§ WORK INSTRUCTION:
What is needed is a word-for-word copy of the listing below, without pictures.

** INFORMATION PROVIDED follows **

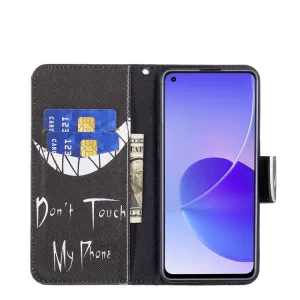 ART Peňaženkový kryt Oppo Reno6 5G DON´T TOUCH ME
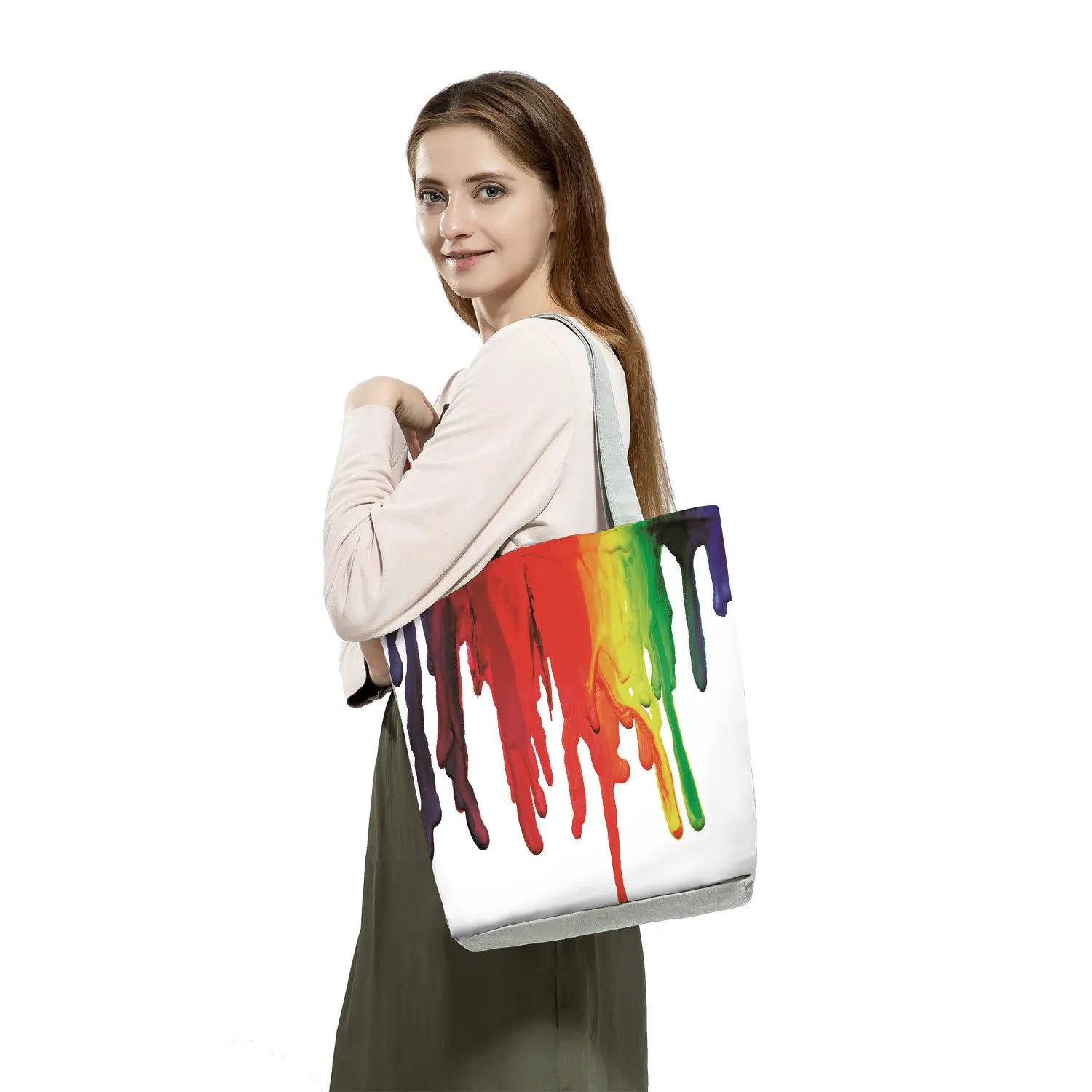 Printed Shoulder Bags Eco Reusable Shopping Bag Foldable Tote Female Travel
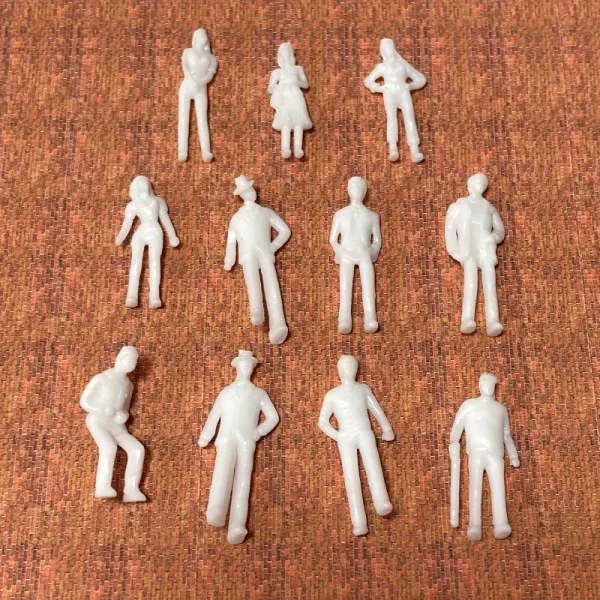 Unpainted figures  1:75 scale  100 pack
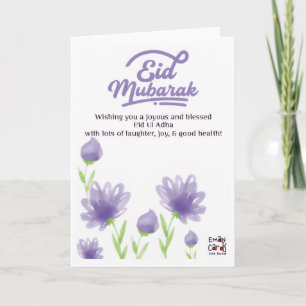 Eid ul Adha Mubarak - Bloemen Kaart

** End of INFORMATION PROVIDED **

§ SOLUTION TO THIS EXERCISE:
 ART Peňaženkový kryt Oppo Reno6 5G DON´T TOUCH ME
 Printed Shoulder Bags Eco Reusable Shopping Bag Foldable Tote Female Travel
 Unpainted figures  1:75 scale  100 pack
 Eid ul Adha Mubarak - Bloemen Kaart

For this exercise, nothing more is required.